There are cases now pending before the Supreme Court in the decision of which the Supreme Court may discuss such differently composed Houses of a State Legislature, but it would be revolutionary indeed for that Court to hold that it violates the Federal Constitution for a legislature to have one house based on population and the other on the unit system.

Moreover, the Supreme Court has not, even by implication, held houses of a bicameral legislature, so differentiated, to be unconstitutional. The measure of what denies Equal Protection of the Laws is something which amounts to "invidious discrimination".

As Mr. Justice Douglas said in his concurring opinion in Baker v. Carr, 369 U.S. 186, 244, 82 S. Ct. 691, 724, 7 L. Ed. 2d 663 (1962):

"The traditional test under the Equal Protection Clause has been whether a State has made `an invidious discrimination,' as it does when it selects `a particular race or nationality for oppressive treatment.' *776 See Skinner v. Oklahoma, 316 U.S. 535, 541 [62 S. Ct. 1110, 1113, 86 L. Ed. 1655]. Universal equality is not the test; there is room for weighting. As we stated in Williamson v. Lee Optical Co., 348 U.S. 483, 489 [75 S. Ct. 461, 465, 99 L. Ed. 563]. `The prohibition of the Equal Protection Clause goes no further than the invidious discrimination.'"
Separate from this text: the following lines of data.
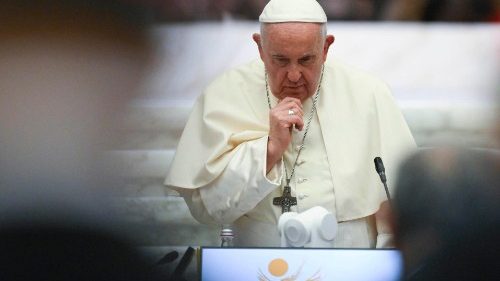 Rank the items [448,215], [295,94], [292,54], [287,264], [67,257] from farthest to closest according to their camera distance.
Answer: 1. [295,94]
2. [292,54]
3. [287,264]
4. [448,215]
5. [67,257]

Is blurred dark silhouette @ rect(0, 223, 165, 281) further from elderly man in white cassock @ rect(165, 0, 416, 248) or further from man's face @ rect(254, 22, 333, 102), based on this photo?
man's face @ rect(254, 22, 333, 102)

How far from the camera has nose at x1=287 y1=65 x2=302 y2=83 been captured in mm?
4109

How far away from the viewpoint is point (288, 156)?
14.1 feet

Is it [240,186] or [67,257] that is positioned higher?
[240,186]

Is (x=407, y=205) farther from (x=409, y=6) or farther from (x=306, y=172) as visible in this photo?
(x=409, y=6)

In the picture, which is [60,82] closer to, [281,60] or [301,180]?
[281,60]

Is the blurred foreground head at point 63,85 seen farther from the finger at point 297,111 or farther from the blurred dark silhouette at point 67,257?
the blurred dark silhouette at point 67,257

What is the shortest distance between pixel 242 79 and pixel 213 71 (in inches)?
30.4

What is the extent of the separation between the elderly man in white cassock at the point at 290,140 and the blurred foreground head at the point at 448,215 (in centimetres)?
205

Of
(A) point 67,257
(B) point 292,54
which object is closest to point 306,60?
(B) point 292,54

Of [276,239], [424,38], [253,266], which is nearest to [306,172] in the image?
[276,239]

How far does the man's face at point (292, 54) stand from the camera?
161 inches

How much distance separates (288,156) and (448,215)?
2443 mm

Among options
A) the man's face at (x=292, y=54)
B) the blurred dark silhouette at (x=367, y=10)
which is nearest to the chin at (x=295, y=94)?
the man's face at (x=292, y=54) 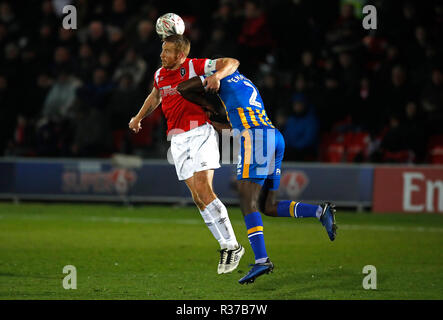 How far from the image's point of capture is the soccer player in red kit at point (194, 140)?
810cm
The majority of this court holds flatly that, even where the Senate of a State Legislature is based strictly upon population, invidious discrimination results if the House of Representatives is based upon the unit principle. This is to say that such a system is "irrational" or is the result of "arbitrary and capricious action".[2] It seems to me that this conclusion is contradicted by the use of the unit system in the Legislative Branch of the Government of the United States, as well as in the Governments of twenty-three of the States and a partial use of of it in six others.[3] It has been considered by leading statesmen and scholars in law and political science as an important and integral part of the system of checks and balances. It represents a traditionally recognized means of placing limitations on power through a proper diffusion of legislative authority. From the Colonial period to the present, the courts and statesmen of both the Executive and Legislative fields have recognized that there are substantial areas of conflicting interests between large urban communities, on the one hand, and the small towns, on the other. The small towns, with a minority of the voting population have, through the unit system, acquired something more than a mere powerless accessibility of representation and have, through the operation of the unit system, been able to exercise wide power over their own public schools, town highways, police and fire protection, zoning and town planning, recreational facilities, assessments and annual tax rates, and other matters of local governmental concern, which can thus be handled in a manner which is most responsive to the varying needs of the different towns; otherwise, as a minority, they could have and exercise only such local authority as the majority, in the large urban centers, permitted them to have. It is difficult to understand how such a system can be branded as irrational and unreasonable.

The historic and time proven American concept of democracy is not unlimited rule by the majority but is rather a majority rule subject to constitutionally provided checks and balances which provide for minority protection. This is the chief distinguishng characteristic of our form of government. The use of the unit system was a device which evolved out of trial and error over the centuries and was adopted by the founders of the Nation and the States in order that, in effect, the small towns might have a veto power over legislation which might be of disadvantage to them; in other words, it provided a legislative system under which neither the smaller towns nor the larger municipalities would have unlimited power and domination over the other.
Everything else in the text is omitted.